- Genre: Documentary
- Directed by: Adam Bhala Lough; Sam Lipman-Stern;
- Music by: Robert Aiki Aubrey Lowe
- Country of origin: United States
- Original language: English
- No. of episodes: 3

Production
- Executive producers: Adam Bhala Lough; Sam Lipman-Stern; Josh Safdie; Benny Safdie; Dani Bernfeld; Danny McBride; Jody Hill; David Gordon Green; Greg Stewart; Brendan James; Nancy Abraham; Lisa Heller; Tina Nguyen;
- Producer: Claire Read
- Cinematography: Christopher Messina; Mattia Palombi; Sam Lipman-Stern;
- Editor: Christopher Passig
- Running time: 53–63 minutes
- Production companies: HBO Documentary Films; Elara Pictures; Rough House Pictures; All Facts;

Original release
- Network: HBO
- Release: August 13 – August 27, 2023

= Telemarketers (TV series) =

American true crime documentary series

Telemarketers is an American true crime documentary series directed and produced by Adam Bhala Lough and Sam Lipman-Stern.

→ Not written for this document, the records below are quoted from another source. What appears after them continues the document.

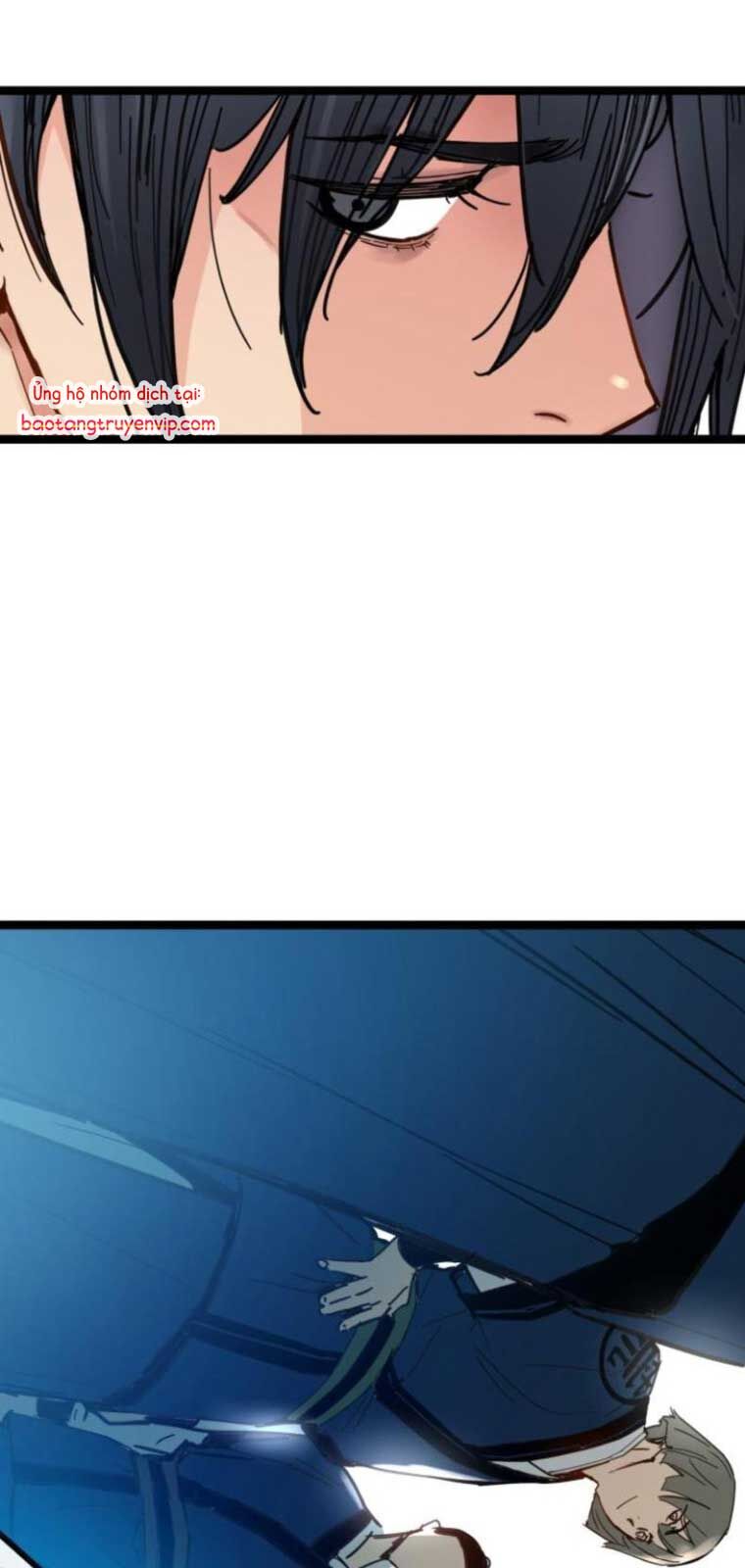 Thiên Tài Đoản Mệnh: Chapter 40.4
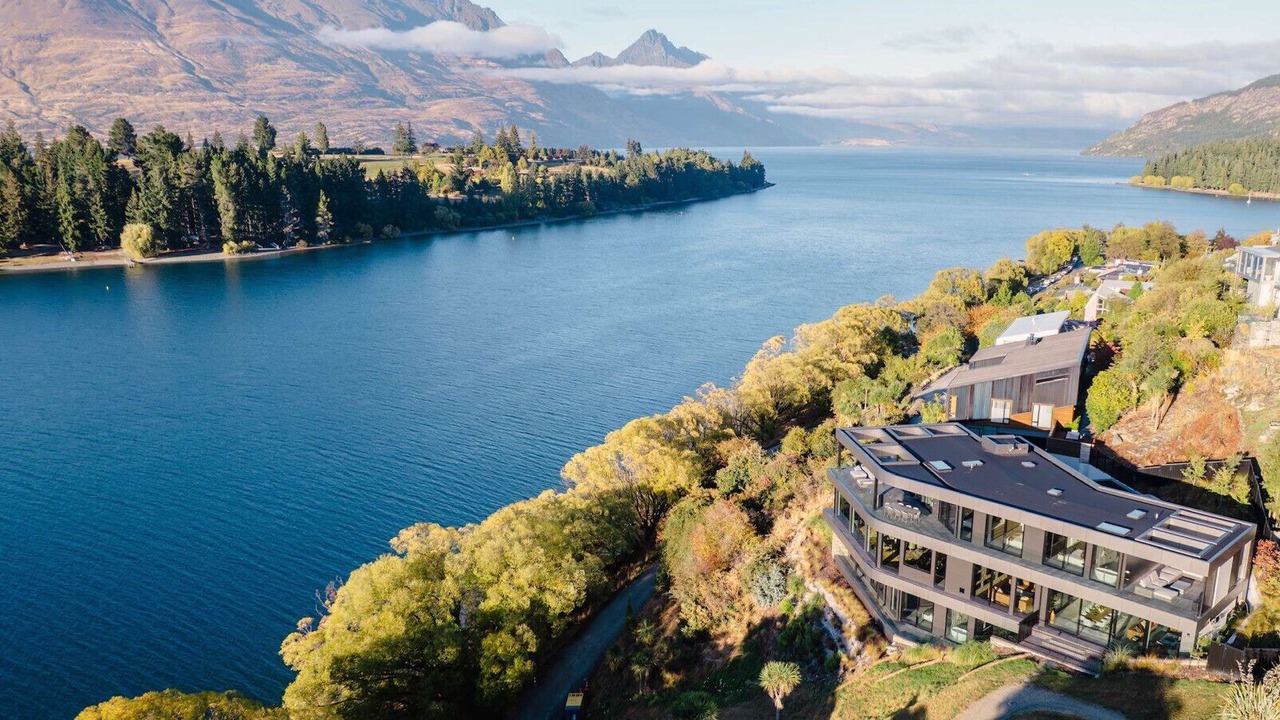 Photo of Outdoor in Queenstown
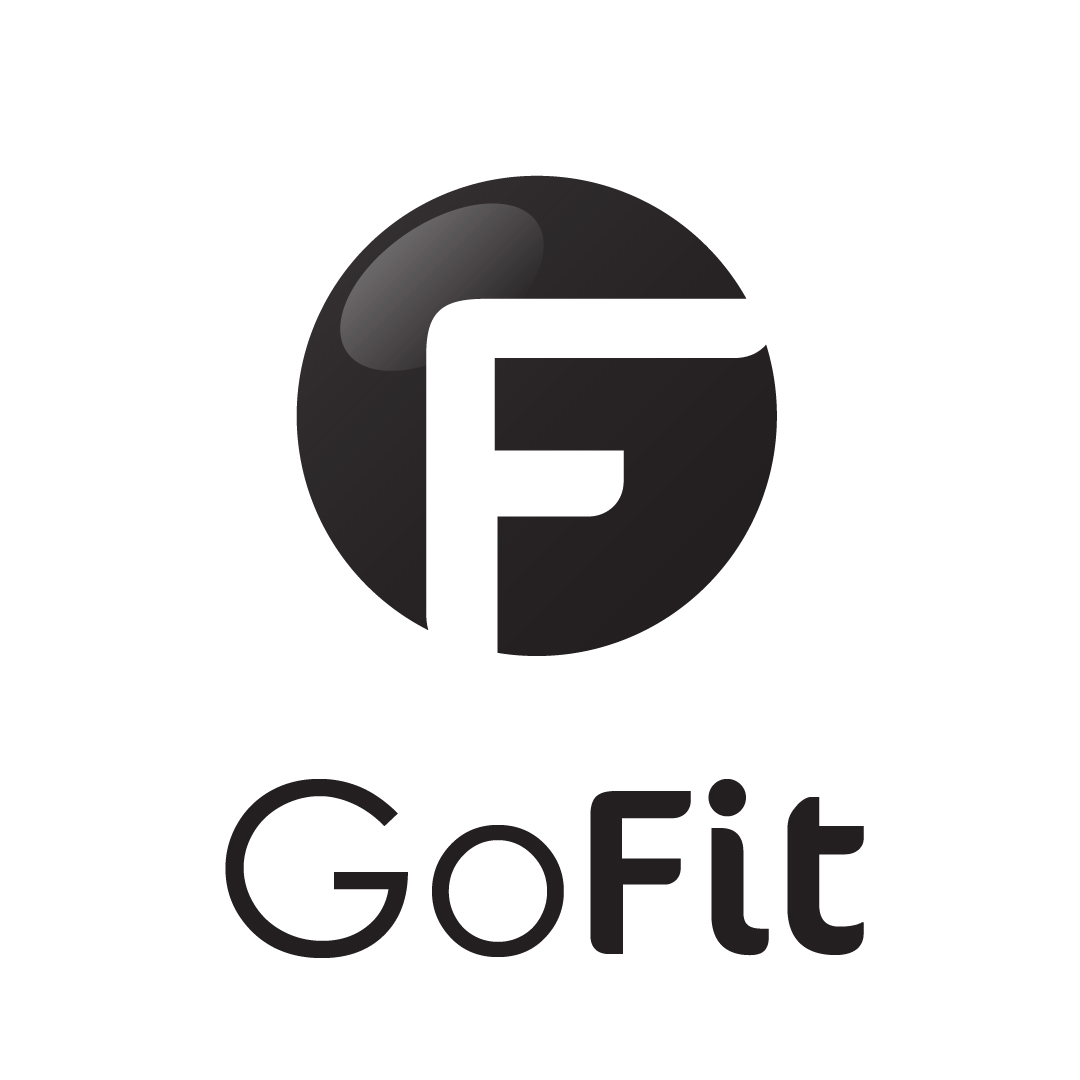 Gofit Device mark 4348808 Trademark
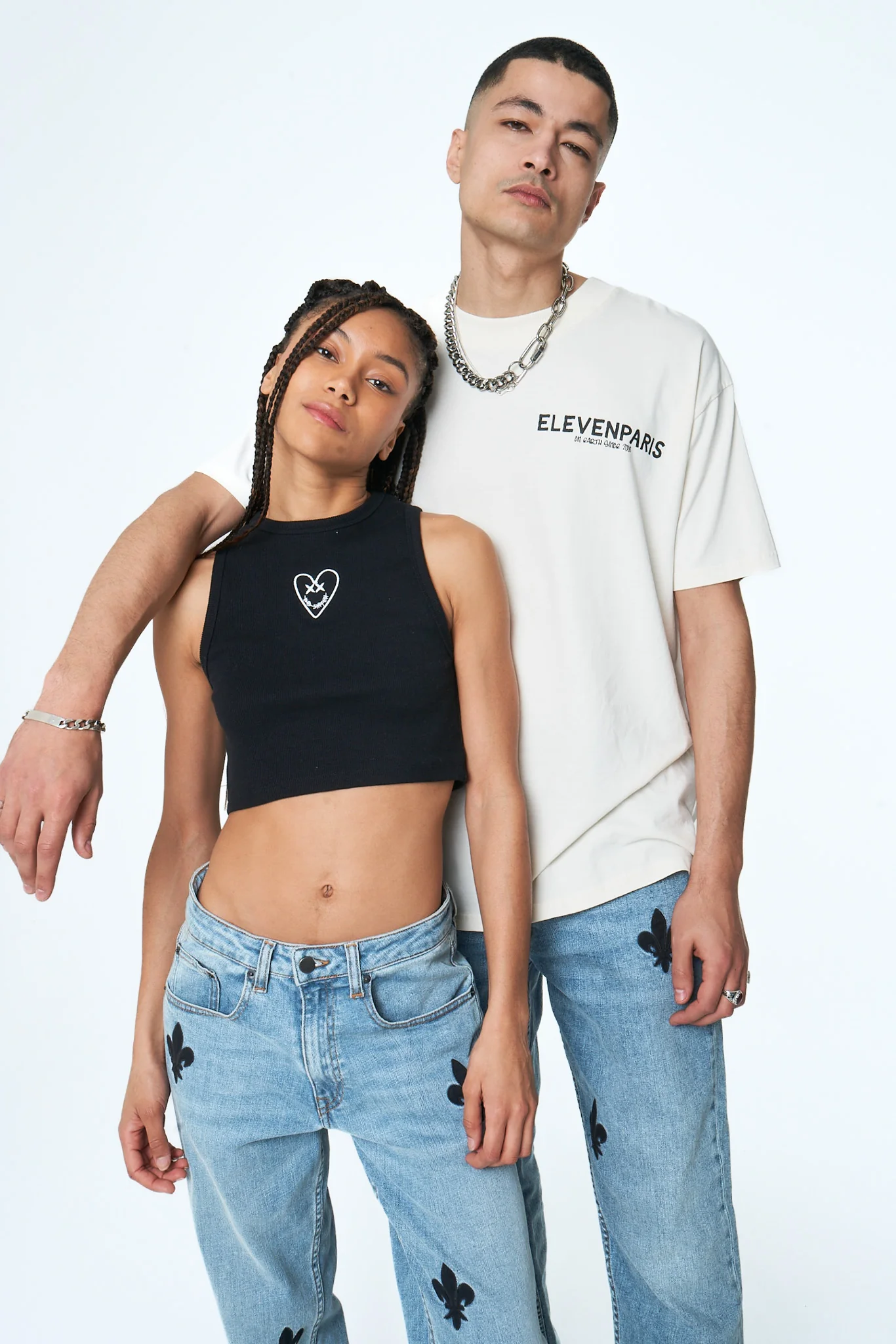 Image du produit 7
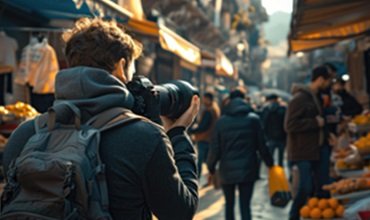 MAAC is a leading motion graphics training institute in India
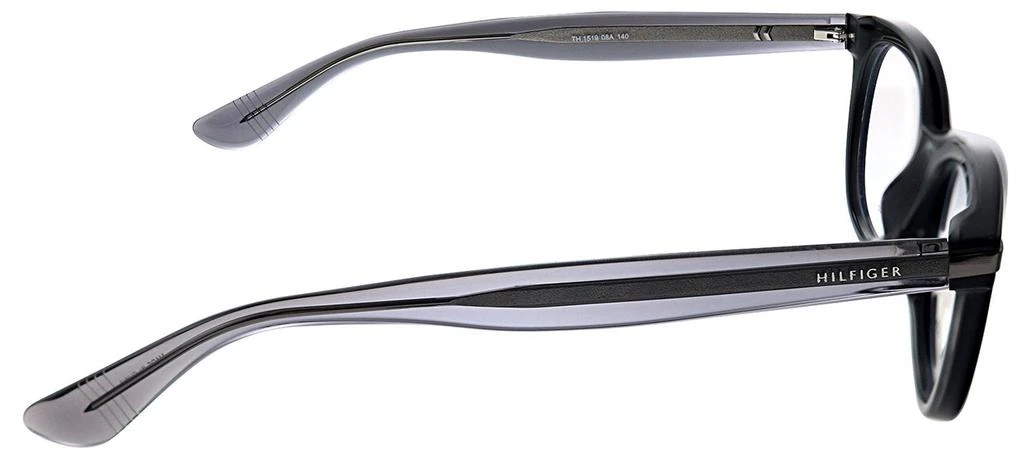 Tommy Hilfiger TH 1519 Cat-Eye Eyeglasses 3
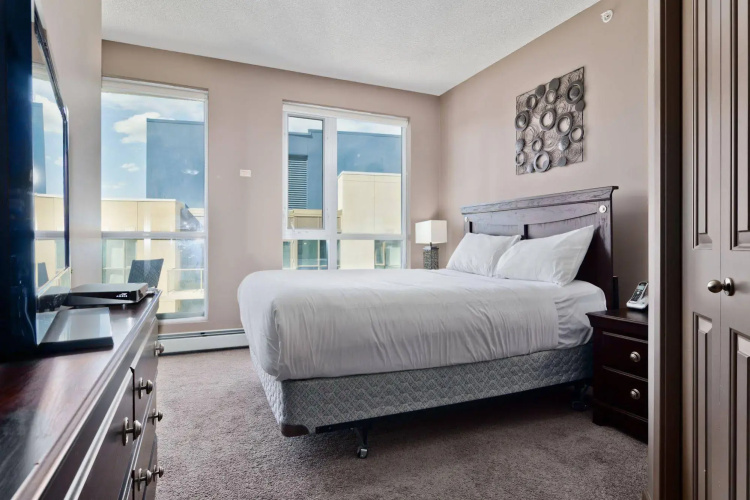 Fastlane Suites in Riverfront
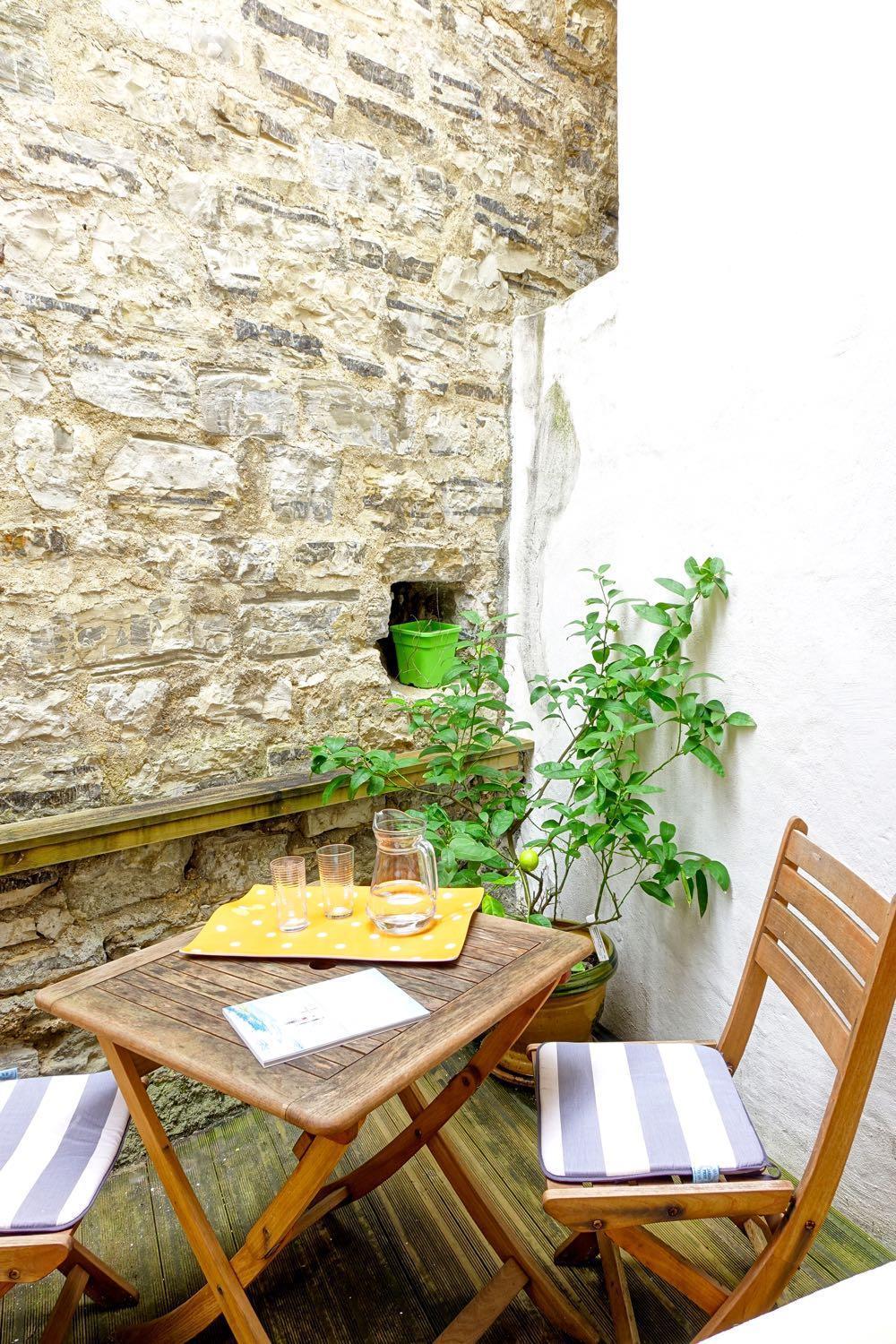 Apartamento 2 Pièces En Hypercentre, à Pied Biarritz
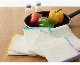  Bamboo Fiber Dish Towel Oil Washing Kitchen Cleaning Cloth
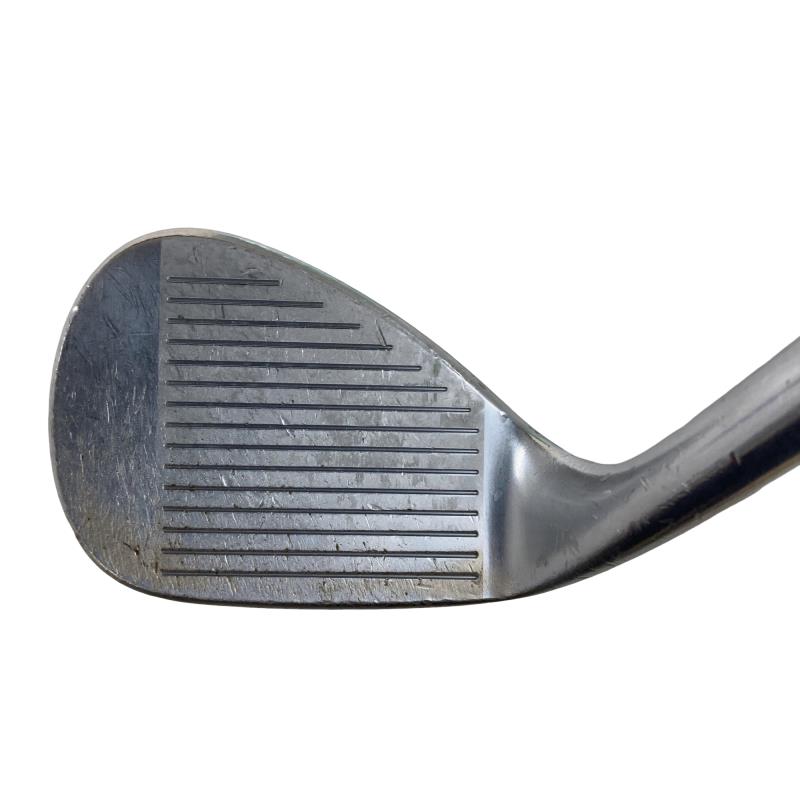 �c�i�|�S�@�T�U°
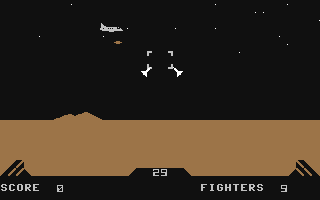 Flak-Commander — ss (EU)
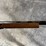 #4626-•-mccoy-20-ga-single-shot-shotgun,-sn:-20ms24-001163-image-9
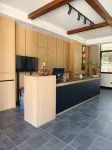 Suxi homestay - เปิดใหม่
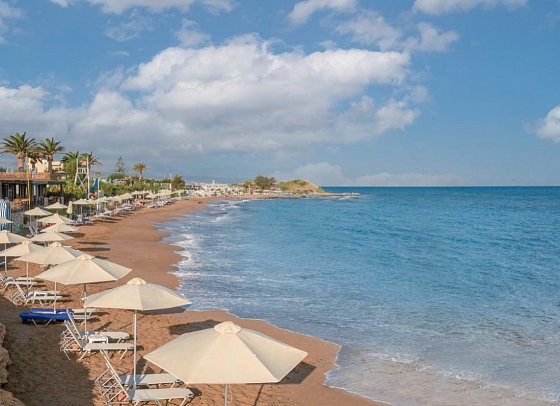Creta Star
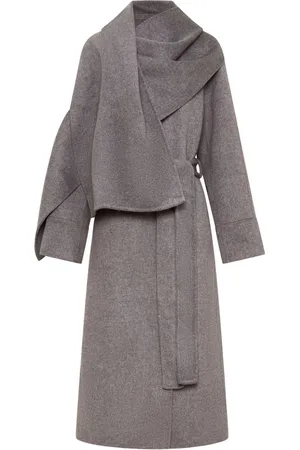Nicholas Candice coat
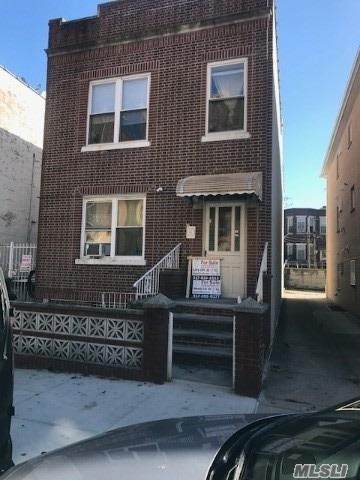 189 Bay 22 Street - Photo 1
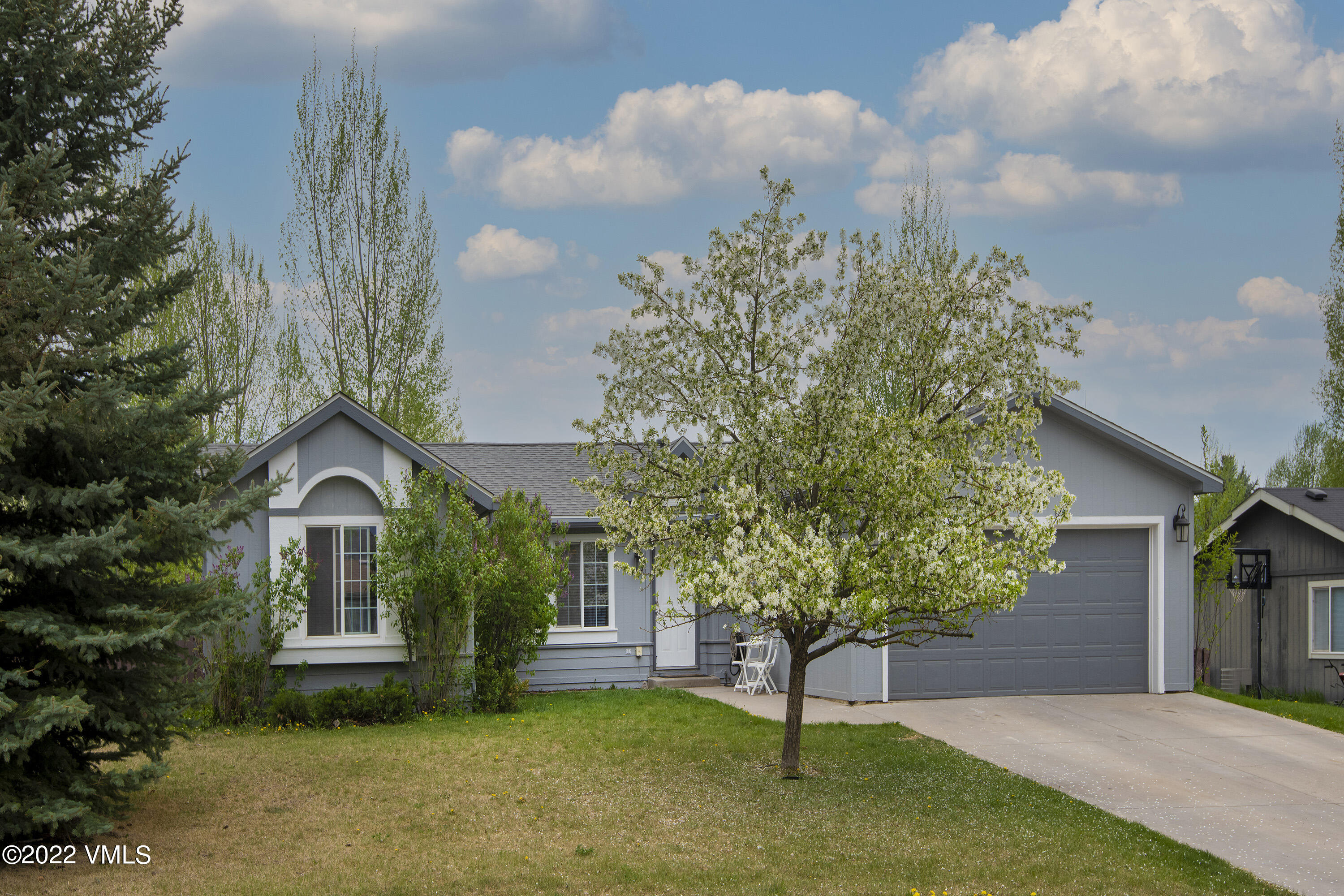236 Navajo Road Gypsum, CO 81637 - Photo 1 of 31 236-Navajo-MLS_01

It follows two office workers who stumble upon the truth of their work at a telemarketing center and are determined to expose the industry. The three-part series aired on HBO from August 13 to 27, 2023.

==Premise==
Telemarketers follows Sam Lipman-Stern and Patrick Pespas, two employees at telemarketing firm Civic Development Group in early 2000s New Jersey, who discover the truth behind the work they've been doing. Under the impression they're raising money for firefighter and police charities, the vast majority of funds raised are actually going towards their employers. When the company is shut down by the Federal Trade Commission, Lipman-Stern and Pespas realize that the industry is far from destroyed and in fact, stronger than ever. Together, they seek to expose the telemarketing industry as the wide-scale scam that it is.

==Episodes==

| No. | Title | Directed by | Original release date |
| 1 | "Part 1" | Adam Bhala Lough Sam Lipman-Stern | August 13, 2023 |
In 2001, Sam Lipman-Stern is a high school dropout that finds work at the only place that’ll take him: New Jersey’s Civic Development Group, a telemarketing firm that employs the unemployable (ex-cons, teenagers, and drug addicts). Ostensibly raising money for police organizations, the employees engage in several illicit activities on a daily basis, many of which began to be recorded by Lipman-Stern. Sam befriends best caller in CDG (and active drug addict), Patrick J. Pespas. The two decide to make a documentary that exposes the inner workings of CDG and uncover where the money raised actually goes. Before things can get off the ground, Lipman-Stern is fired for posting the videos he recorded online, and not long after that, the entire firm is shut down due to a FTC case. Realizing that, despite the legal proceedings, the telemarketing industry is still alive and well, Lipman-Stern and Pespas decide to move forward with the documentary and discover that the real danger in their pursuit might not lie with the telemarketers, but the organizations they’re raising money for.
| 2 | "Part 2" | Adam Bhala Lough Sam Lipman-Stern | August 20, 2023 |
In 2011, a year after CDG had been shut down, Sam catches up with his old coworkers and finds most of them struggling. He and Pat realize that the police fraternities that they were raising money for (and were apparently being scammed by CDG) were actually much more aware of and possibly involved in the underhanded tactics used by the telemarketers. Despite this, none of them suffered any consequences in the FTC case, the two learning that they were protected by America’s lax regulations against not-for-profits, which the police fraternities claimed to be, despite amassing millions of dollars and very rarely paying out police officers and their families. Sam interviews telemarketers that are still in the game, including former co-workers Jeff and Shem, who, despite their own issues (i.e. Shem’s substance abuse), reveal themselves to be excellent salespeople by implying they work for the police. The National Fraternal Order of Police denies any involvement with telemarketing and Sam and Pat begin to feel like they’re being tailed by cops. A breakthrough in the case finally comes when the FTC commissioner that took down CDG agrees to an interview, but just as it happens, Pat disappears.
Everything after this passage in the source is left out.